I am impressed! You are truly a craftsman! It would be cool if you could take a picture of a tree before you harvest it and give a copy to the buyer of a finished product.


----------



## libertygirl (Jul 18, 2011)

Very nice work and craftsmanship!


----------



## Vahomesteaders (Jun 4, 2014)

Thanks everybody. I love working wood. I did take a picture of a Cedar I cut and made some benches and other things out of when I got my sawmill. But never thought to give it to the owner. That's a good idea.


----------



## Kasota (Nov 25, 2013)

What do the chairs look like? I'd love to see a picture of those, too. I sure wish you were closer!! I have a spot in my bathroom that needs a little cabinet but it has to be narrow front to back. Finding a tall cabinet like that is about impossible. 

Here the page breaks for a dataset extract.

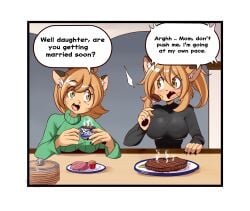 2girls animal_ears big_breasts breasts english_text female goya's_mom_(lucyfercomic) goya_(lucyfercomic) lucyfercomic multiple_girls original original_character original_characters speech_bubble tagme white_border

I think 600.00 for a table and chairs of such quality as you make is really low. They would likely sell just as quickly for 700.00 and that would still be cheap. You could make up a little booklet (kind of like those grandma brag books that hold photos - you can even get them at the dollar store) Have some pictures of the trees and some pictures of the steps it takes to craft such a beautiful piece. People would LOVE it. They could show the pictures to their friends and it would probably generate more business, too!


----------



## Vahomesteaders (Jun 4, 2014)

Kasota said:


> What do the chairs look like? I'd love to see a picture of those, too. I sure wish you were closer!! I have a spot in my bathroom that needs a little cabinet but it has to be narrow front to back. Finding a tall cabinet like that is about impossible.
> 
> I think 600.00 for a table and chairs of such quality as you make is really low. They would likely sell just as quickly for 700.00 and that would still be cheap. You could make up a little booklet (kind of like those grandma brag books that hold photos - you can even get them at the dollar store) Have some pictures of the trees and some pictures of the steps it takes to craft such a beautiful piece. People would LOVE it. They could show the pictures to their friends and it would probably generate more business, too!


I will post pics of the chairs tuesday when they are done. They are a low back straight leg chair. This table sits about 3.5-4 inches higher than standard dinner table. In the old days having a table top that you didnt have to bend over as much to use was more useful. So the chairs are a mix of standard dinner chair and a type of barstool. We could sell them for more especially since we get so many calls, but we are pretty frugal on the farm so we prefer to get quicker money than have stuff sit around for longer due to lack of storage area. And in all honesty. I have less than 20 hours work time in that table and chairs from tree to finish. And obviosly the material is free. So it works out to be pretty fair. The drying of the wood is the longest part but once you get it set up right there is always dry wood while others are drying. Takes a couple years though. Thanks so much for such kind words on my craftsmanship. I try hard to keep the old handmade philosophy alive. I can ship things if you ever needed something done. So keep that in mind if you cant find anyon local. I would be happy to work with you on a piece that will be to your liking.


----------



## Kasota (Nov 25, 2013)

Woot! 

I will take some measurements - but what I need is a cabinet that would sit on the floor and be maybe 5 feet tall and have sliding doors on it. Maybe the doors could be split so there was a lower set and an upper set. I have a really tiny house (not quite a micro house but close lol!) and a tiny narrow bathroom with just a wee bit of space. Right now there is an old metal bookshelf in there that I keep towels on and the size is not bad but it is soo utterly ugly. Can you do sliding doors? I'm curious to know what shipping would be and if that would put it out of the ballpark for me. 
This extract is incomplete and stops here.